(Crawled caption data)
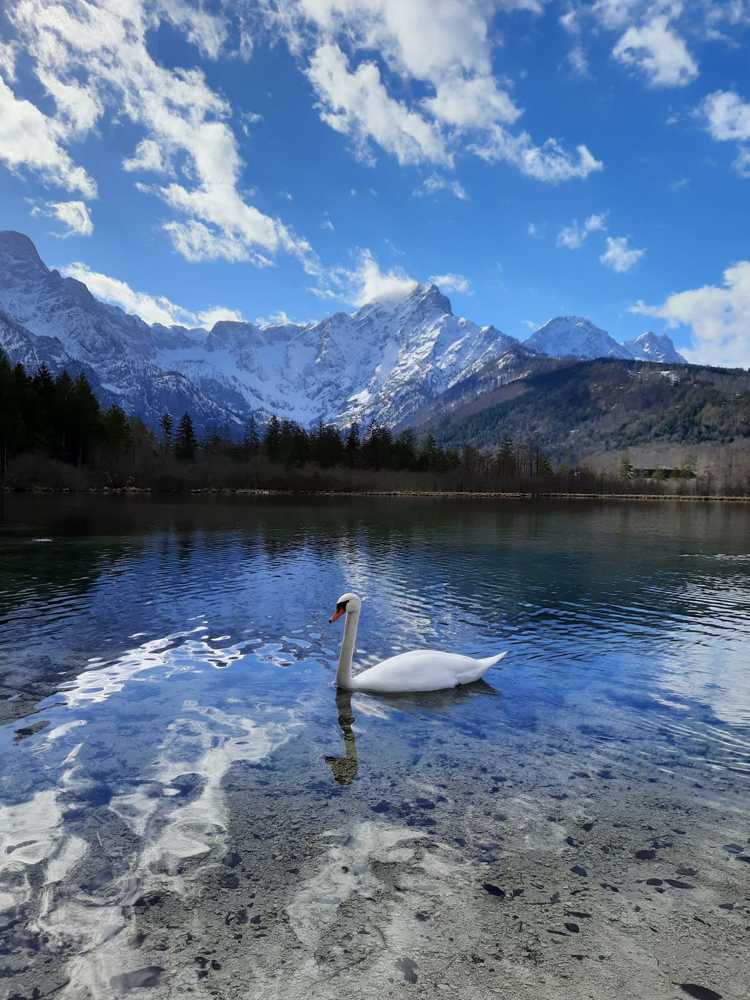 Photograph by Sarah Rührnößl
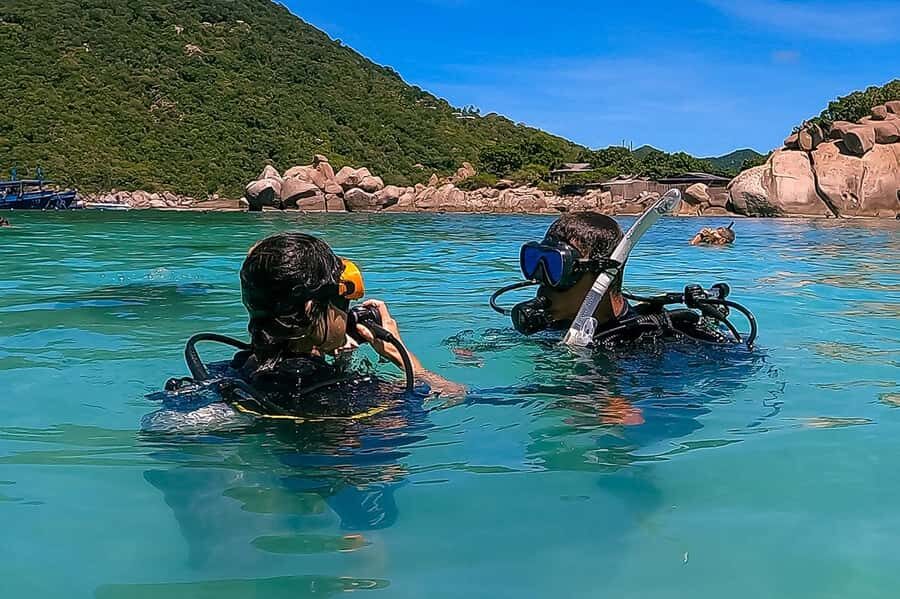 1-Day Discover Scuba Diving for Beginners in Koh Tao - The Sum Up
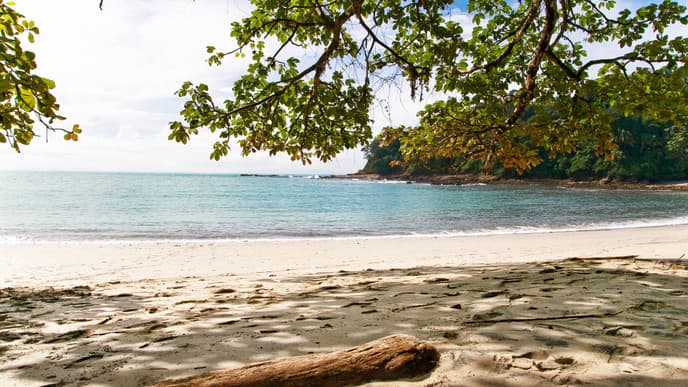 Entdeckungstour Nationalpark Manuel Antonio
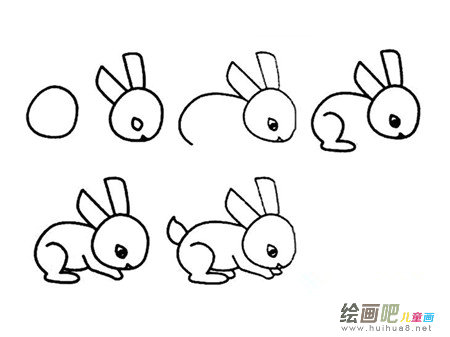 兔子简笔画：兔子的繁殖方式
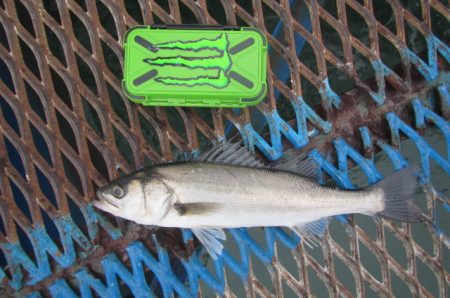 オリジナルメーカー海づり公園(市原市海づり施設) 釣果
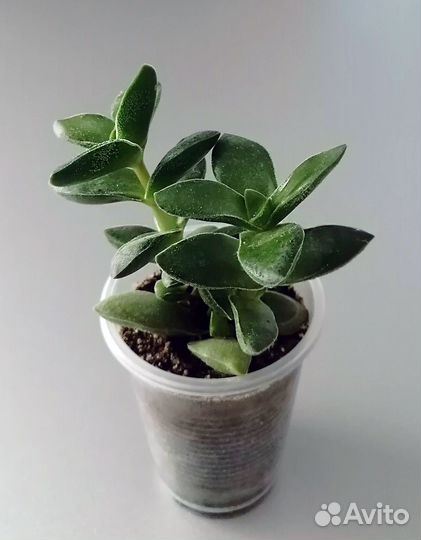 Крассула Спринг Тайм. Spring Time. Суккулент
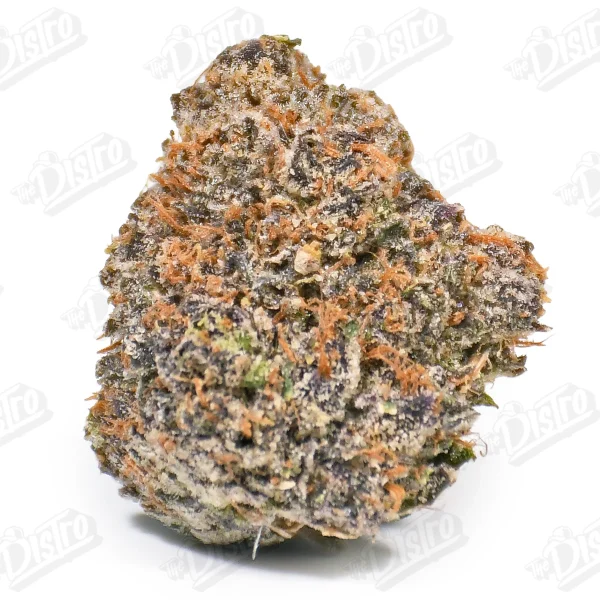 Purple Headies (Zaza Exotic)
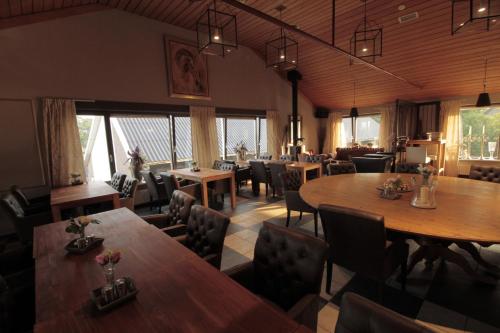 human and horse hotel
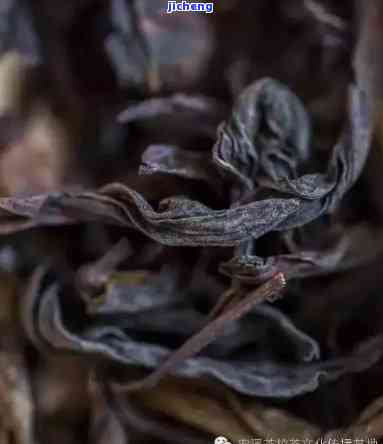 年益寿不老茶-年益寿不老春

WORK TASK:
All records are to be reproduced exactly; the pictures are to be omitted.

EXPECTED OUTPUT:
 Photograph by Sarah Rührnößl
 1-Day Discover Scuba Diving for Beginners in Koh Tao - The Sum Up
 Entdeckungstour Nationalpark Manuel Antonio
 兔子简笔画：兔子的繁殖方式
 オリジナルメーカー海づり公園(市原市海づり施設) 釣果
 Крассула Спринг Тайм. Spring Time. Суккулент
 Purple Headies (Zaza Exotic)
 human and horse hotel
 年益寿不老茶-年益寿不老春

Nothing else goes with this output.